Akino Konodoh, Tomoko Konoike, Jun Nguyen-Hatsushiba, Okada Hiroko, Masao Yamamoto
The exhibition Eyes and Curiosity from Tokyo, at the Chelouche Gallery was a group exhibition of artists from Tokyo, Japan. The exhibition was in cooperation with Mizuma Art Gallery in Tokyo, which hald an exhibition of Chelouche Gallery’s Israeli artists in 2007.
This exhibition is unique in its ensemble, combining renowned artists as well as young artists, with original and fascinating point of view. Their work merges Japanese mythology with innovation and an amused look at the west culture.
The exhibition shows five video works as well as photography and animation drawings.
Akino Konodoh (born 1980, Chiba, Japan) exhibits a video work named Lady’s Bird’s Requiem, 2005-2006 (5:38 min.), together with animated drawings for the video.
This animated video tells the story of a little girl Eriko. Eriko’s character appears in all of Kondoh’s works as her ideal girl. In the beginning of the film the girl mistakenly kills two ladybirds. From this incident the girl’s guilt swells up to create an illusion of seeing button of her blouse as ladybirds, being submerged in such continuous wave of guilt and fear, she keeps sewing hundreds of buttons to the inside of her skirt. On this video Kondoh creates elevation and sinking in an imaginary world which simulates the girl’s adolescence experience.

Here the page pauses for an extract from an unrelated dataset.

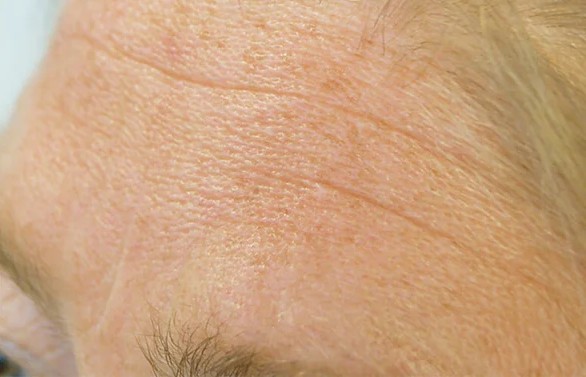 Microneedling behandeling bij SKIN MISSON in Eindhoven.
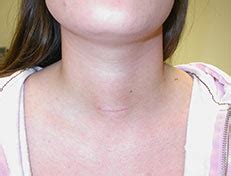 Scar After Thyroid Surgery. Minimally Invasive Thyroid Surgery, Alexander Shifrin, MD | www ...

Tomoko Konoike (born 1960, Akita, North Japan, lives and works in Tokyo) will show the video Mimio-Odessey, 2005 (11:30 mint.) and pencil drawings. The central figure in this film is the figure of Mimio. Mimio is a being between innocence and evil, existing in a zone undistinguished as human or animal. In Mimio-Odessey we are invited to follow Mimio on his journey to the woods accompanied by a fantastic beast and legendary characters.
Jun Nguyen-Hatsushiba (born 1968, Tokyo, Japan) is exhibiting two videos works dealing with the way the Vietnam War was shown to the western eyes. The work Memorial Project Minamata: Neither Either nor Neither, 2002-2003 (16 min.) overlaps with the scares left from the Vietnam war and the post war tragedy, which occurred in Minamata, Japan. This work carries its role as a memorial piece; a living stone-tomb created in hope of preventing such tragedies from reoccurring in the future. The video Ho! Ho! Ho! Merry Christmas: Battle of Easel Point-Memorial Project Okinawa, 2004 (15 min.) shows a group of divers, wearing yellow gun-belts containing yellow paint tubes instead of explosives. The divers’ mission is to paint a portrait of Hollywood movie actors staring in films related to Vietnam War, an impossible, useless mission. The yellow paint dissolving in the water and their impossible task reflect the image of the Vietnam War as was shown in western movies. Jun Nguyen-Hatsushiba is widely exhibited throughout the world in well known museums such as the Mori Museum in Tokyo, MUSAC in Spain, MARCO in Rome as well as Herzilia Museum in Israel. His works can be found in important collections would-wide such as the Guggenheim Museum collection and the Whitney Museum collection in the U.S.A, the Pompidou center in Paris and more.
Okada Hiroko (born 1970, Tokyo, Japan) exhibits the video Singing in the Pain, 2004 (7:56 min.). This video is a hallucination or a day dream in which a housewife is running between the huge apartment complexes of an unknown city, ecstatically dancing to the sounds of the song “I’m Singing in the Rain”. The event is being broadcasted on the news as a central happening until it comes to its surprising ending. In 2006 Hiroko exhibited in Israel in the group exhibition “PostGender” in Tikotin Museum of Japanese Art where she received enthusiastic responses.
Masao Yamamoto (born 1957, Gamagori, Japan) is exhibiting in Israel for the first time. Yamanoto will show a new series of works created especially for this exhibition. In his works Yamamoto creates a diverse, ambiguous and multi layered world of imagery which reflects Buddhist ideas connecting physical and mental experiences.